Chrysalis

We are old,
the stars in us
are ready to emerge
and merge again;

it took the last leaf,
the last slamming of the door,
last putting on of shredded shoes,
the faded purple hat,

the coat we’d worn
while others were in something new,
the dreaded stand before the glass:
to make us speak of acquiescence.

Bones lately pinned with thorns,
confirm the silence on other lips,
those lips that never told a lie.
All right then. We’ll go.

The hinges of this old tin box twist off.
The lid falls flat,
reveals the possibility we feared:
a sky too empty and too full.

Am I, and you beside me,
to fall open to this open sky?
be lost among those shining rocks,
those stars that stare?
Lit rocks? Exploding gas?
Photons as emperors of clouds that hide
but can’t escape? But I, you,
have been so protected,

so nurtured into expectation
of what it means.
We find ourselves exposed,
it’s too strange too new, a dreadful error.

No. Listen.
Honey, listen to me,

it’s you that’s new, remade,
your bones release you to what is old,
reliable, beautiful, well lit.

Honey,
listen to me, stand close,

that pond is what you needed
to learn in, a school for this.
This is where you are intended.

There you are!
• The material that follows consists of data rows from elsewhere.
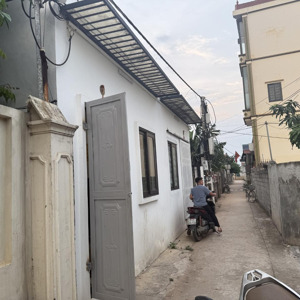 bán 40m2 đất + sẵn nhà cấp 4 và nội thất vĩnh lộc - thư phú. ngay sát chợ. đường ô tô đỗ cửa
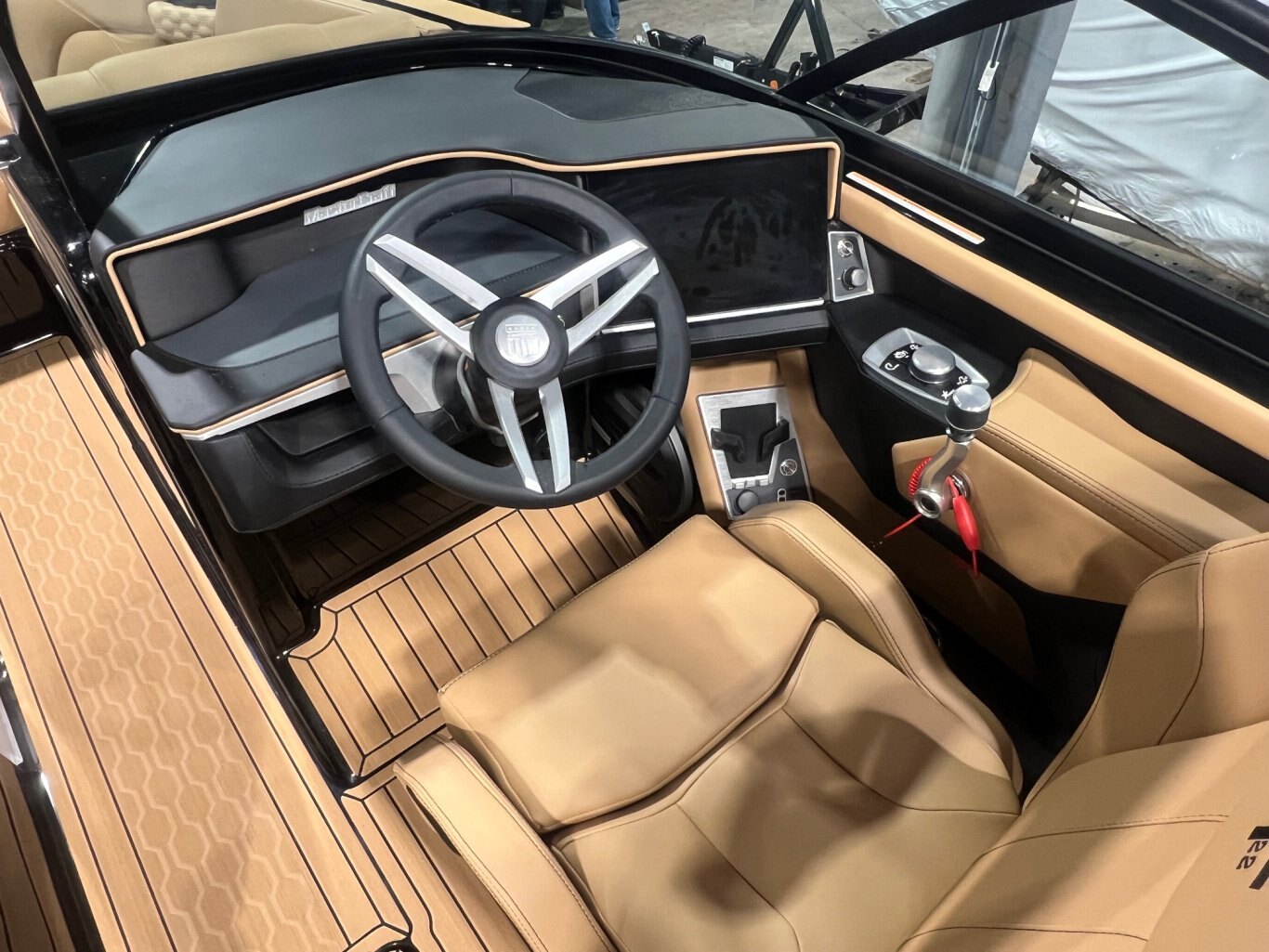 Bateau Mastercraft XT22 2026 Noir sur Tan Moteur Ilmor 5.3l, Complètement Équipé pour le Wakesurf!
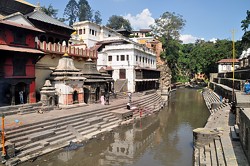 Trübe Fluten: Der Bade-Fluss Bagmati nimmt die Asche auf 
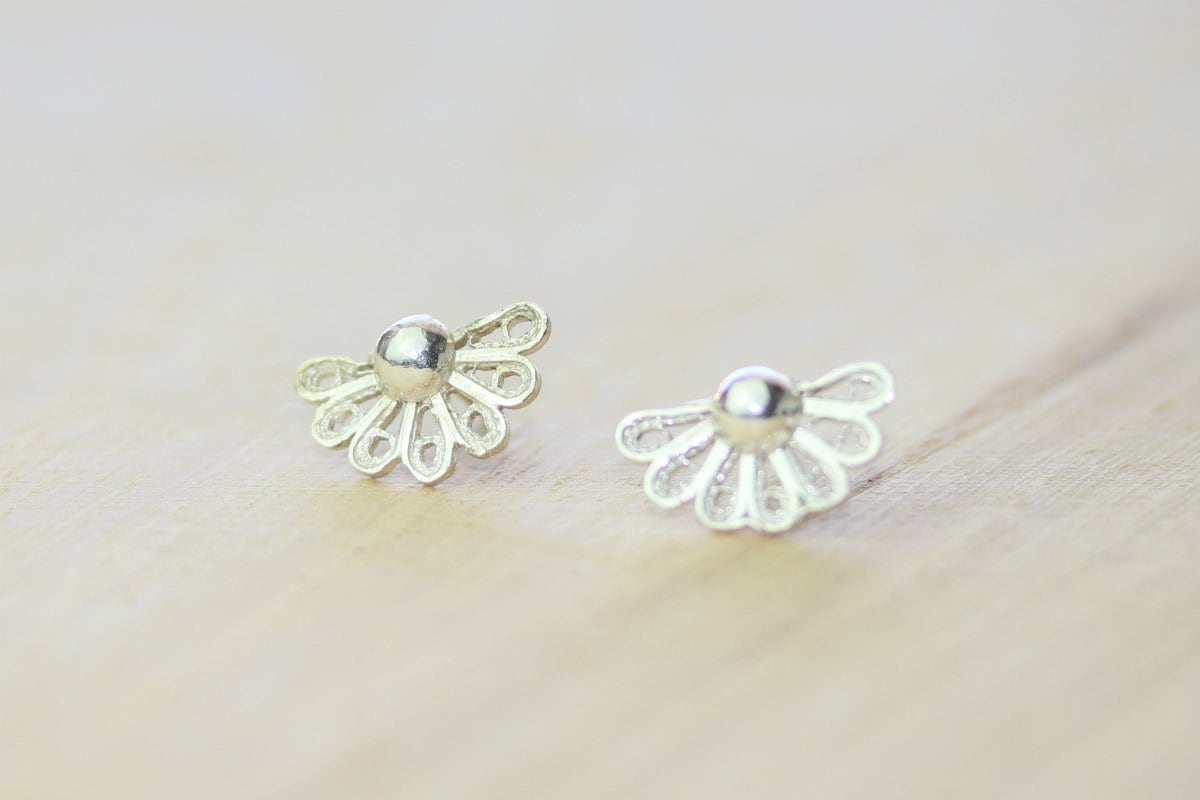 Spitze Ohrstecker | Silber Ohr Kletterer Spitze Ohrstecker | Silber Ohr Kletterer von DiamondFishJewellery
You’re beautiful and ready!
Now go. Go!

She stood until the tiny forms
were lost upon the welcoming night,
a darkness that would soon be coming dawn.

Great Nature as Sophia,
with so many spitting in her face,
humans crowding out her place,
well knew her power over all its race.
It was the mysteries she could coax
but never understand,
that kept her moving everywhere,
to love the smallest, the mystery near at hand.